For existing Cilium deployments in version v1.6 or prior, please consult the 1.7 Upgrade Notes.
The current Cilium kube-proxy replacement mode can also be introspected through the
cilium status
CLI command:
kubectl exec -it -n kube-system cilium-xxxxx -- cilium status | grep KubeProxyReplacement
KubeProxyReplacement: Strict [NodePort (SNAT, 30000-32767), ExternalIPs, HostReachableServices (TCP, UDP)]
Limitations¶
- NodePort and ExternalIPs services are currently exposed through the native device which has the default route on the host or a user specified device. In tunneling mode, they are additionally exposed through the tunnel interface (
cilium_vxlan
orcilium_geneve
). Exposing services through multiple native devices will be supported in upcoming Cilium versions. See GH issue 9620 for additional details.- Cilium’s BPF kube-proxy replacement currently cannot be used with Transparent Encryption (stable/beta).

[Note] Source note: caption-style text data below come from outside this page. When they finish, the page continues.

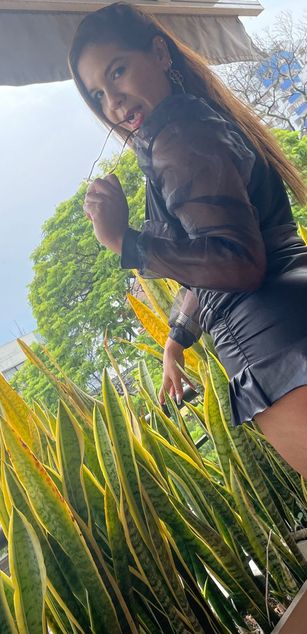 Model - Kasandra Hale deepthroat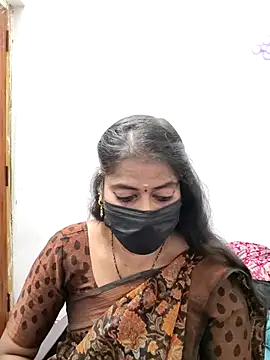 Snapshot of tamil_Sigappu_Roja chatting on 12.19.25 tamil Sigappu Roja online show from 12.19.25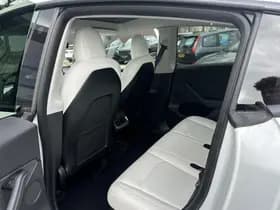 Tesla Model Y Long Range AWD 75 kWh thumbnail 9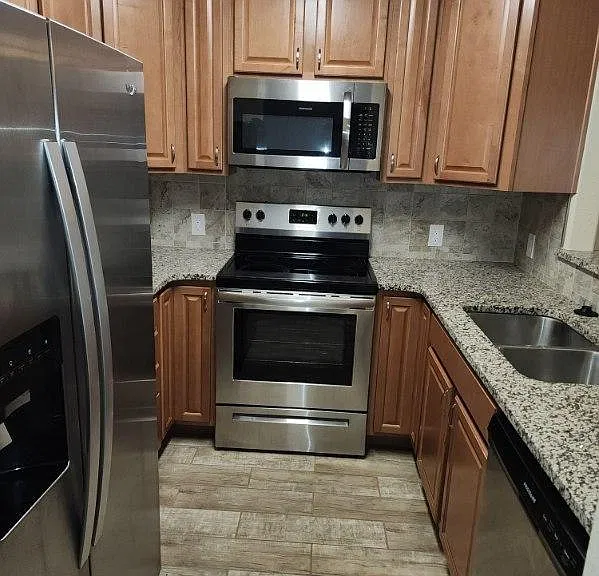 2125 King St #101 — Photo 4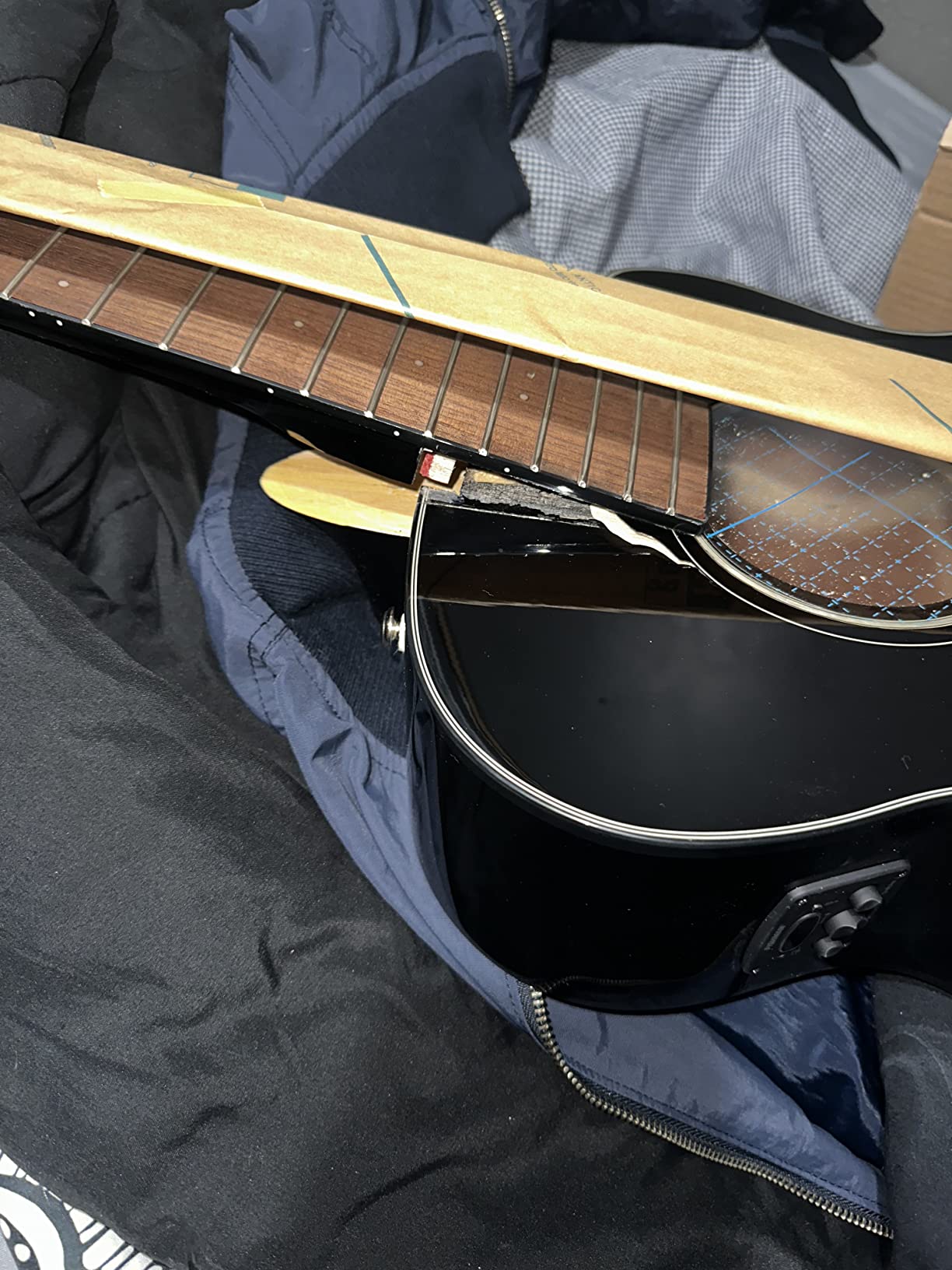 Fender CB-60SCE Acoustic Bass, with 2-Year Warranty Natural, Laurel Fingerboard customer photo 2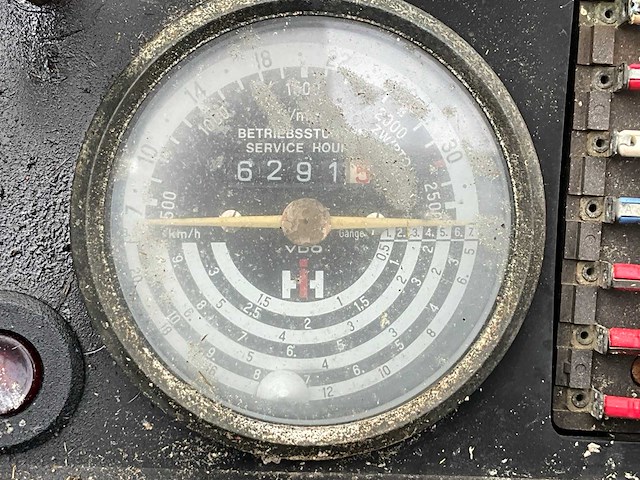 1980 international 844 s tweewielaangedreven landbouwtractor - afbeelding 5 van  17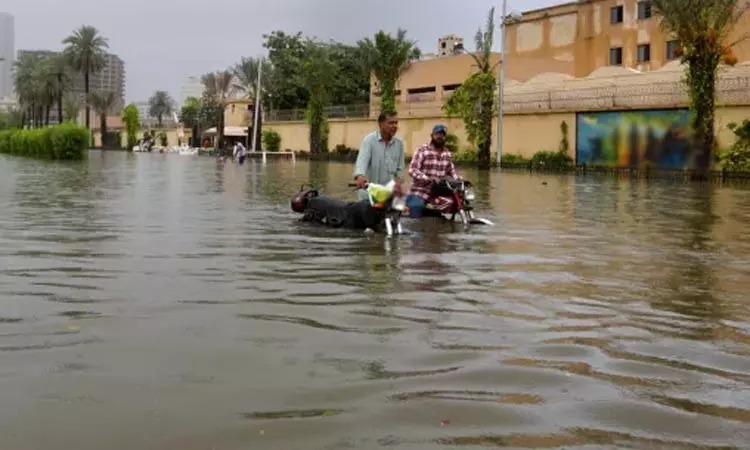 பிரபல நாட்டில் தொடரும் கனமழை  வெள்ளத்தால் 13 பேர் பலி… பெரும் பரபரப்பு சம்பவம்….!!!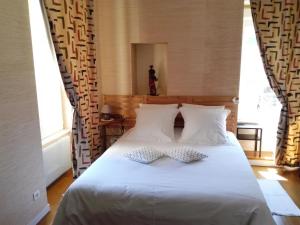 杜瓦讷内Izella的卧室配有白色的床和2个枕头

- Cilium’s BPF kube-proxy replacement relies upon the Host-Reachable Services feature which uses BPF cgroup hooks to implement the service translation. The getpeername(2) hook is currently missing which will be addressed for newer kernels. It is known to currently not work with libceph deployments.
- Cilium in general currently does not support IP de-/fragmentation. This also includes the BPF kube-proxy replacement. Meaning, while the first packet with L4 header will reach the backend, all subsequent packets will not due to service lookup failing. This will be addressed via GH issue 10076.
- Kubernetes Service sessionAffinity is currently not implemented. This will be addressed via GH issue 9076.
- The BPF kube-proxy replacement currently cannot be used in combination with CNI chaining e.g. deployed as
--set global.cni.chainingMode=portmap
. Future Cilium versions are going to provide native portmap support via BPF and therefore without the need for chaining; tracked via GH issue 10359.